# [About this exercise]
Print the data exactly. Omit the pictures.

# [Recorded information]

--------------------------------

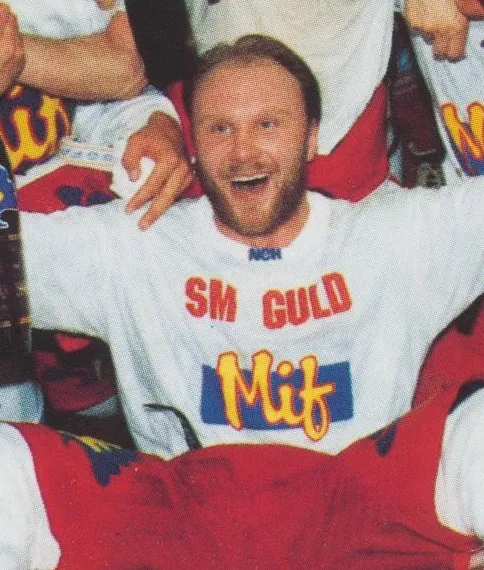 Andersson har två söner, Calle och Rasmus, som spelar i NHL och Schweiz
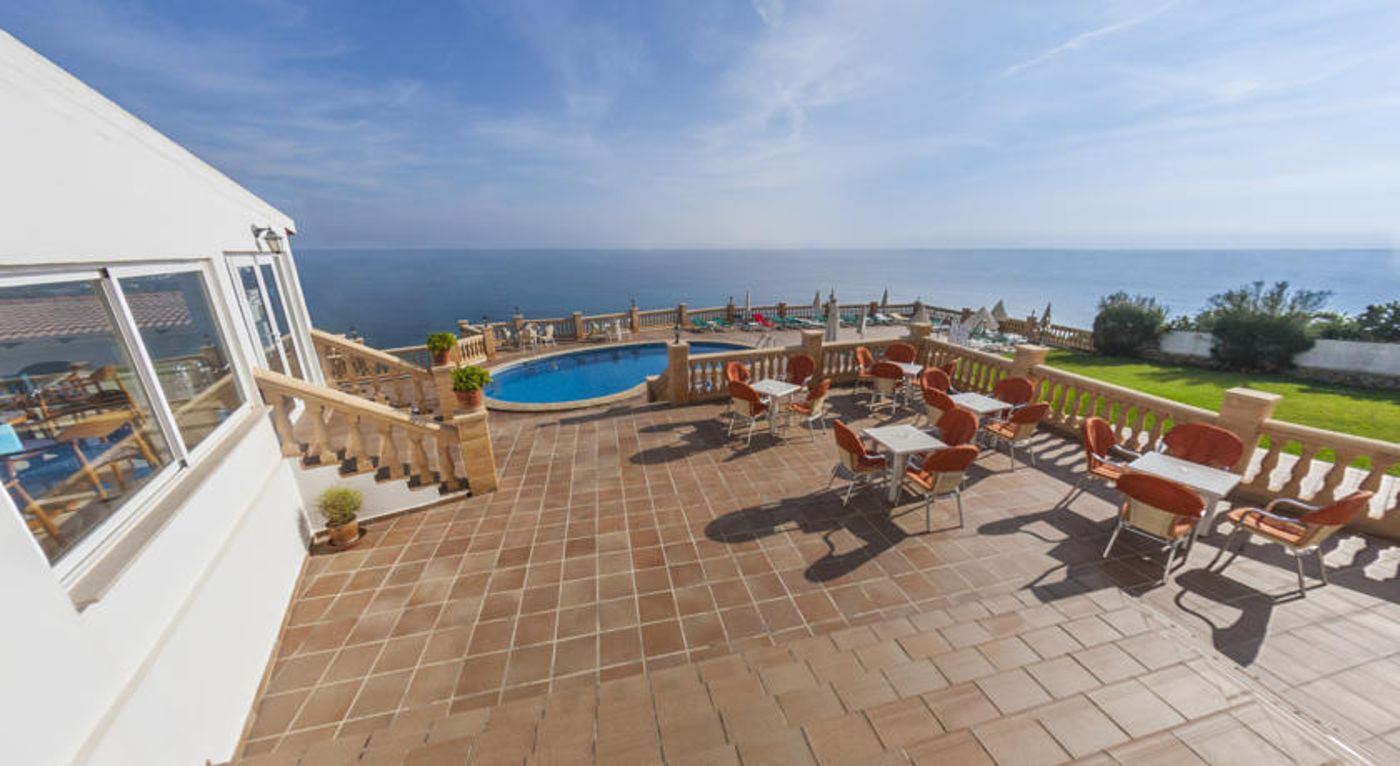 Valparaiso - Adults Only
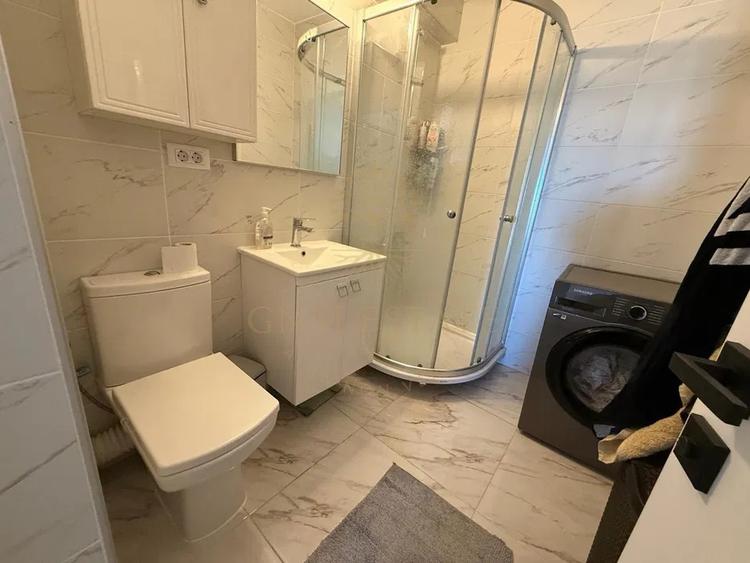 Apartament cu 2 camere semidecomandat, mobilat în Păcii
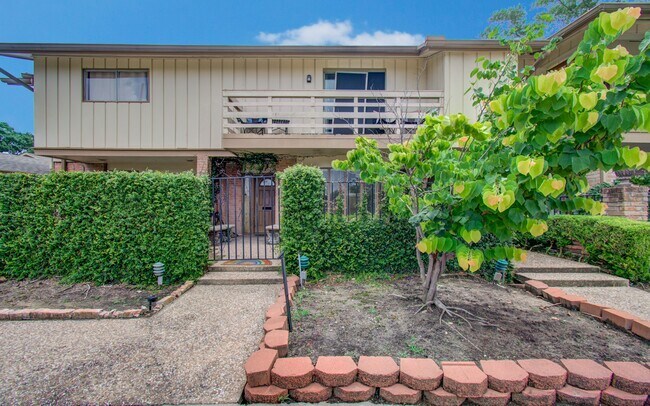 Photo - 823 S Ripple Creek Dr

--------------------------------

# [Output of the task]
 Andersson har två söner, Calle och Rasmus, som spelar i NHL och Schweiz
 Valparaiso - Adults Only
 Apartament cu 2 camere semidecomandat, mobilat în Păcii
 Photo - 823 S Ripple Creek Dr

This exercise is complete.